▶ _EXERCISE AIM_
Restate the listing word for word. Stop at the line that holds "British India 1947", include it, and leave out all pictures.

▶ _SUPPLIED DATA_
⁂

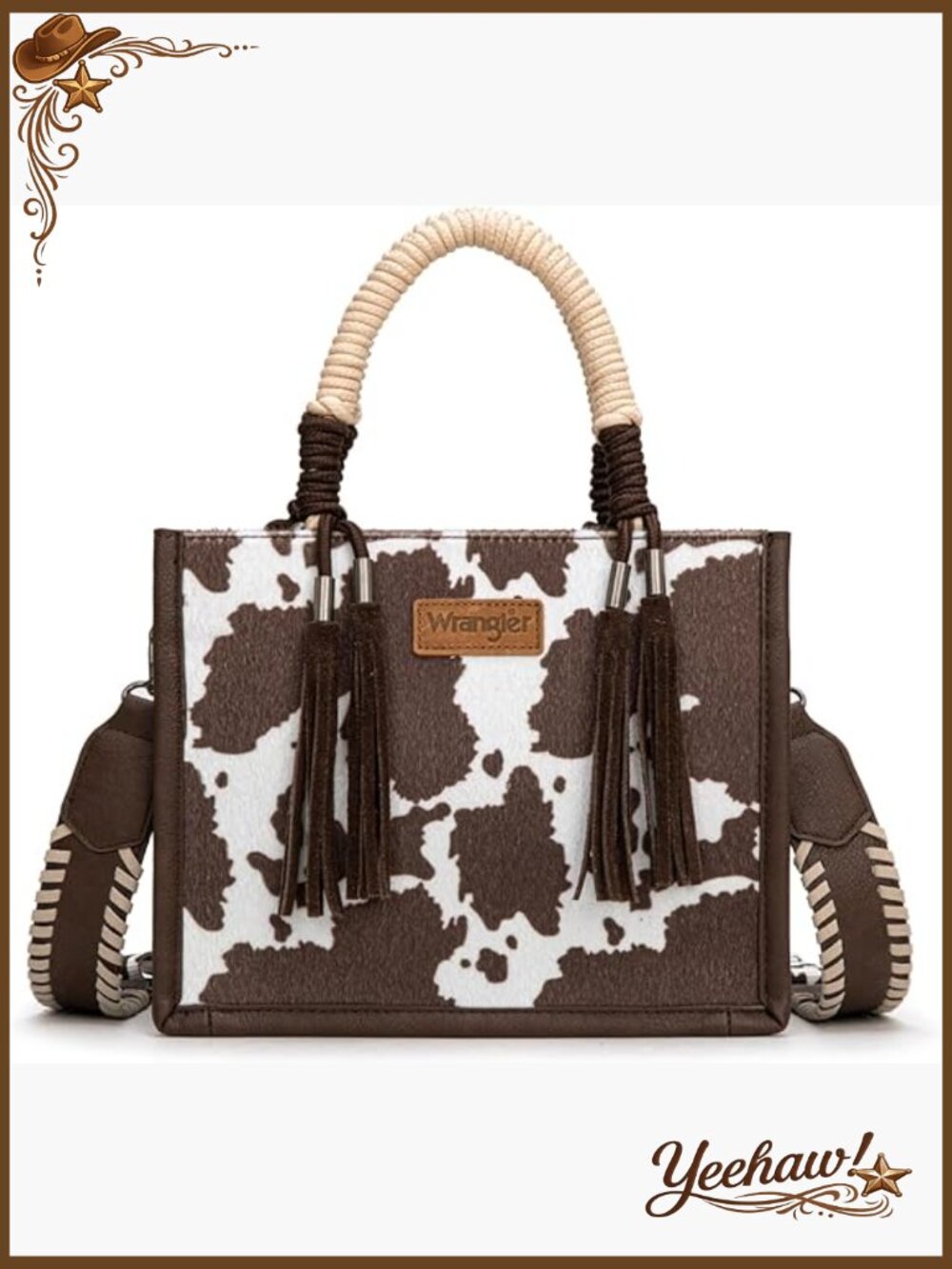 Cow Print Tote Bag with Fringe Crossbody Strap Western Satchel Purse for Women - Picture 1 of 7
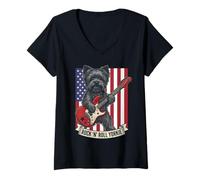 Femme Rock N Roll Yorkie Dog Playing Guitar USA Flag Puppy T-Shirt avec Col en V
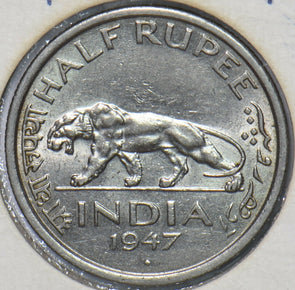 British India 1947 1/2 Rupee Lion animal 194480 combine shipping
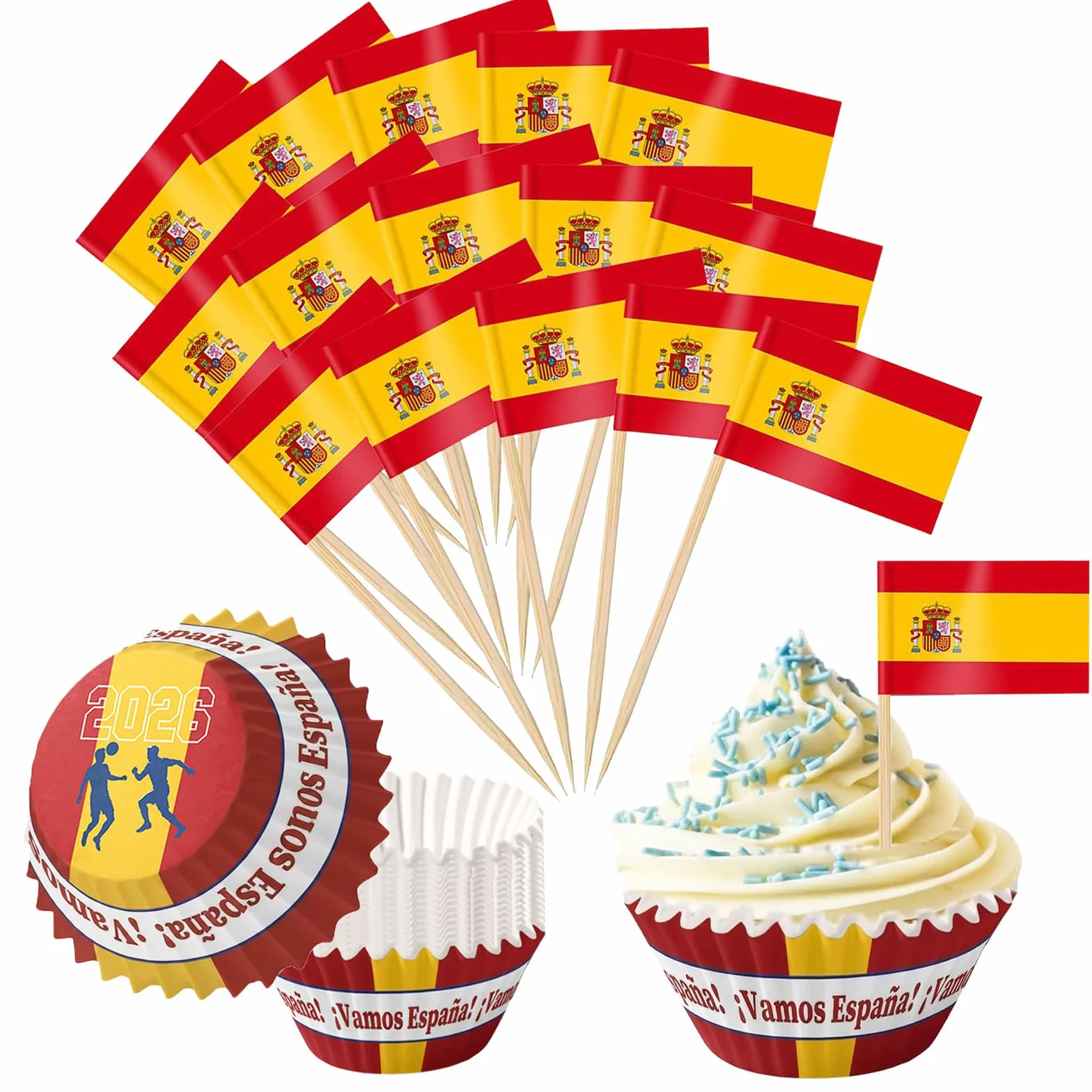 YESAH Decoraciones Fútbol para el Mundial 2026,100P Mundial España Banderas de Palillo,100 Moldes Cupcake Bandera Española para Toppers Pastel,Cápsulas Magdalenas,Fiesta Fan, ¡Vamos España!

⁂

▶ _REPLY_
 Cow Print Tote Bag with Fringe Crossbody Strap Western Satchel Purse for Women - Picture 1 of 7
 Femme Rock N Roll Yorkie Dog Playing Guitar USA Flag Puppy T-Shirt avec Col en V
 British India 1947 1/2 Rupee Lion animal 194480 combine shipping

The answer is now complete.